Конечно, такого рода скрупулезная репетиционная работа велась нами не только над пьесой Петрушевской, я полагаю, что все последние спектакли, за исключением наших музыкальных сочинений, побуждали нас к решительному пересмотру некоторых наших сценических привычек. В «Жестоких играх» нам впервые удалось организовать особые устойчивые зоны, когда зритель был буквально парализован неожиданным «антитеатральным» потоком действенных актерских импровизаций. Работая над «Жестокими играми», я впервые четко сформулировал задачу организации для каждого актера не линии роли, но коридора. Конечно, это была задача «на вырост». Некое благое намерение, еще не подкрепленное тщательным режиссерским методологическим обоснованием.
* * *
Живое, непредсказуемое для зрителя поведение на сцене пока что редкость в нашем искусстве. Привести свой актерский организм к живому, чуткому, импровизационному режиму сценического существования – задача трудная. Помимо блистательной и богатой техники, умения слышать и коллекционировать нюансы человеческого поведения, здесь необходимо еще и другое: необыкновенная волевая, нервная основа для навязывания зрителю сложного, зигзагообразного эмоционального движения, необходима абсолютная уверенность в собственных возможностях, что никогда не укрывается от зрителя. Зритель всегда понимает, кто на сцене важнее, кто лидер, руководитель процесса, а кто ассистент.

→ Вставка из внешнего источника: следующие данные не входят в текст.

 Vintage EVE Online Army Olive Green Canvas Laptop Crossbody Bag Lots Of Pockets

Чтобы быть хозяином на сценических подмостках, чтобы сбить зрителя с привычного ему прогнозирования, необходимо расстаться с комплексом актерской неполноценности – явлением, которому подвержены многие внешне уверенные в себе театральные деятели. Нужно подготовить свой организм к очень тонкой борьбе, одновременно имея под рукой дополнительные энергетические мощности, о которых должен догадываться зритель. Важно их иметь и не рассказывать о них – зритель сам обо всем догадается, а если и не догадается, то почувствует. Обязательно. Вообще зритель, несмотря на то что выглядит подчас простодушно, ведет себя иной раз дурашливо, – понимает про нас все.

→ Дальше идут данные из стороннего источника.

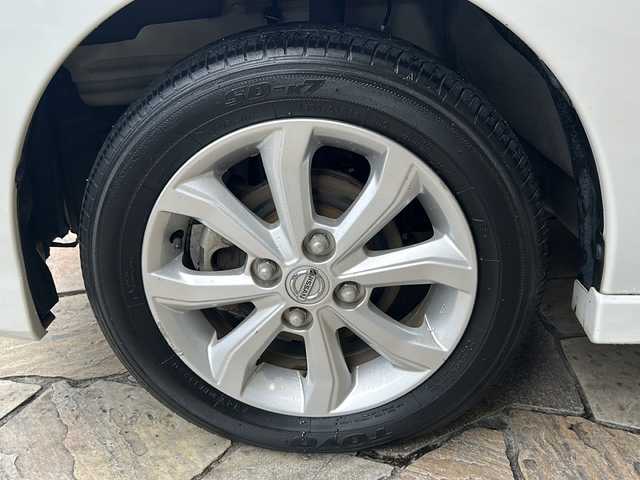 日産 デイズ ルークス ハイウェイスター Xターボ 静岡県 2019(平31)年 6.8万km ホワイトパール 純正ナビ/・CD/・DVD/・Bluetooth/・フルセグTV/・FM/AM/主要装備/・左側パワースライドドア/・エマージェンシーブレーキ/・アラウンドビューモニター/・ドライブレコーダー/・ハイビームアシスト/・アイドリングストップ/・横滑り防止装置/・オートエアコン/・レーンキープアシスト/・リヤシーリングファン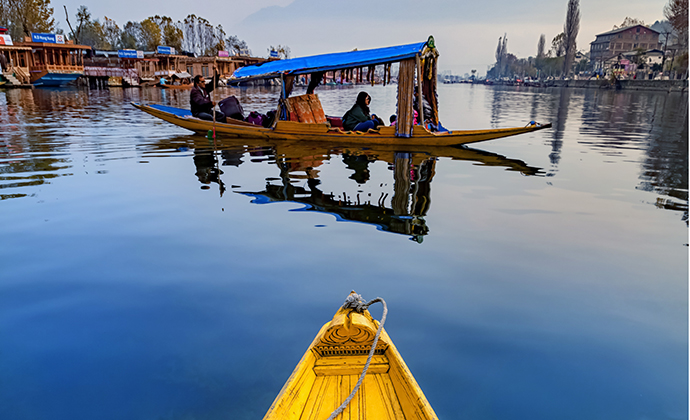 Best Dal Lake Family Tour Package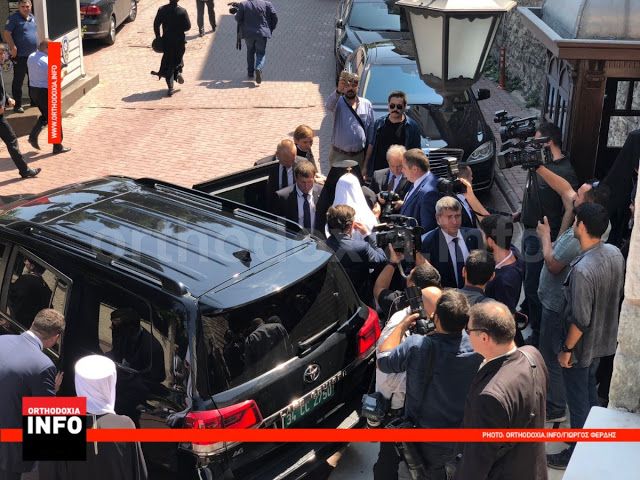 Решение о предоставлении украинской церкви томоса было принято сегодня в Стамбуле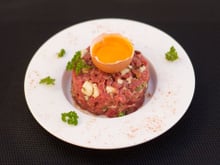 Tartare de bœuf au roquefort et aux noisettes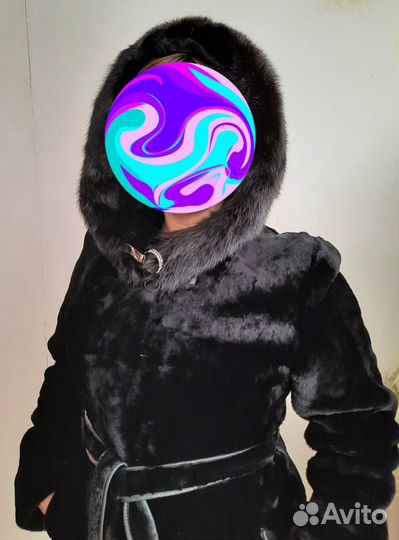 Шуба мутоновая с капюшоном из норки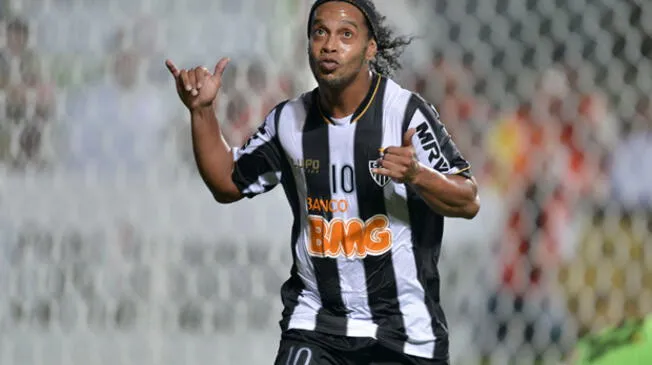 Ronaldinho conversó con un portal español sobre su futuro en el fútbol.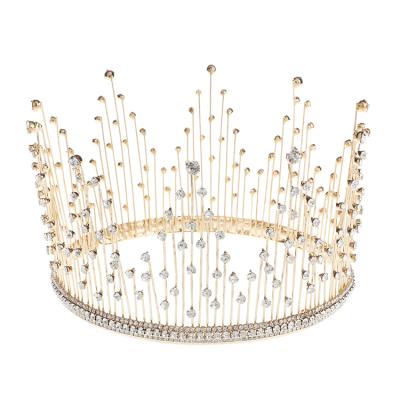 China Alibaba Fashionable Elegant Newcomer Wedding Accessories Bridal Tiaras Baroque Jewelry Round Luxury Rhinestone Crown Birthday Christmas Gifts for sale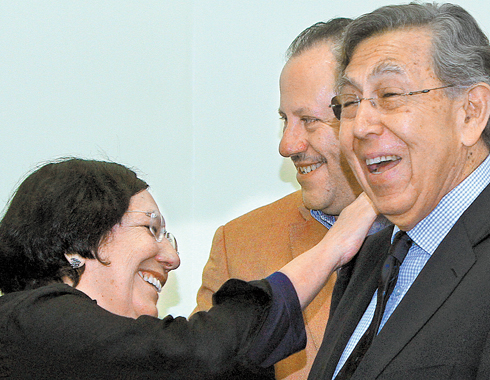 Alejandra Moreno, Eduardo Vázquez y Cuauhtémoc Cárdenas. 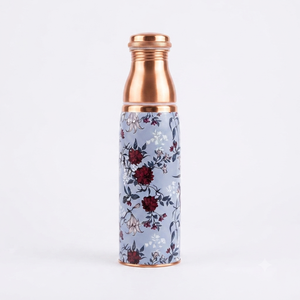 Botella de Agua de Cobre Hecha a Mano con Estampado Floral, Botella Ayurvédica Reutilizable, Frasco Metálico Ecológico para Viajes, Hogar y Regalos - Product Image 1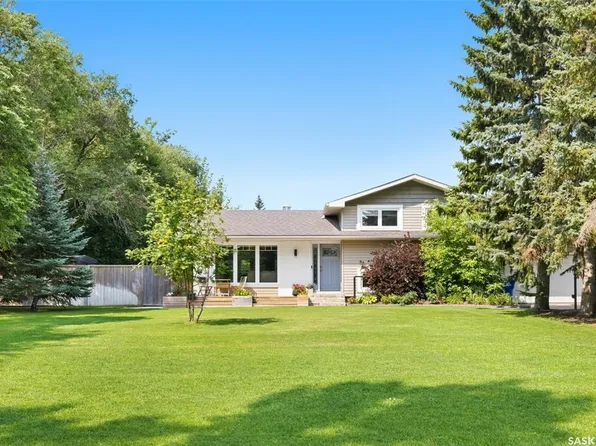 35 Ridgedale BAY, White City, SK S4L 1B2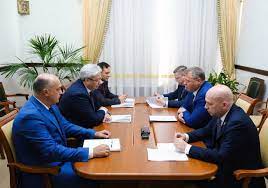 Астраханский губернатор и глава ПривЖД обсудили развитие МТК «Север-Юг»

Однажды я вычитал: встретите ночью отвязавшегося дога (самую коварную собачью породу) – сделайте все, чтобы не испугаться. Если что-то у вас внутри дрогнет, дог об этом сразу каким-то образом догадается и нападет, а не испугаетесь – никогда не посмеет к вам притронуться. Наш зритель, мне думается, не уступает догу в умении считывать информацию о невидимых биологических процессах. И если собачье обоняние превосходит человеческое, то наше подсознание располагает такими механизмами фиксации едва заметных сигналов, что полностью компенсирует недостаточно развитый нюх.